Creates an urgent-priority issue titled "[System] Monthly budget exceeded — all agents paused"
Pauses all non-CEO agents immediately (sets status: "paused", pauseReason: "budget_exceeded")
The CEO stays active so it can communicate the situation and you can give instructions

Paused agents won't pick up new work until you either increase the budget or the next calendar month begins and spend resets.

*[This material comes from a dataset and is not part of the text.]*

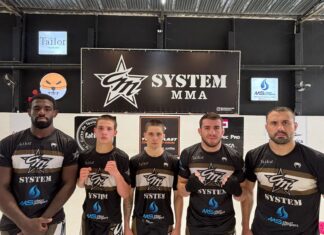 Exército da CMSystem disputa dois cinturões no UFS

Cost Tracking Per Agent and Per Task

Every heartbeat run records:

Input tokens — how many tokens were sent to the LLM
Output tokens — how many tokens the LLM generated
Estimated cost — calculated from the model's per-token pricing
Duration — how long the execution took

This data is visible on the agent profile page (per-agent breakdown) and on each issue (per-task cost). The War Room shows aggregate spend and top spenders.

Tips for Optimizing LLM Costs

Use smaller models for routine work. The Senior Engineer doesn't need Claude Opus for formatting a README — Claude Haiku or GPT-4o-mini works fine. Configure lighter models for agents doing simple tasks.
Scope tasks tightly. "Fix the login bug in auth.ts" costs less than "Review the entire codebase and fix any bugs you find." Smaller task scope means fewer tokens.
Use the CFO agent. The CFO role is designed to monitor spend. Deploy one and let it review cost reports and recommend optimizations.
Set per-agent budgets. If you know your engineer should cost ~$50/month, set a per-agent budget. This prevents any single agent from consuming the entire company budget.
Review run transcripts. If an agent is expensive, check its run transcripts to see if it's doing unnecessary work (reading too many files, generating overly verbose responses).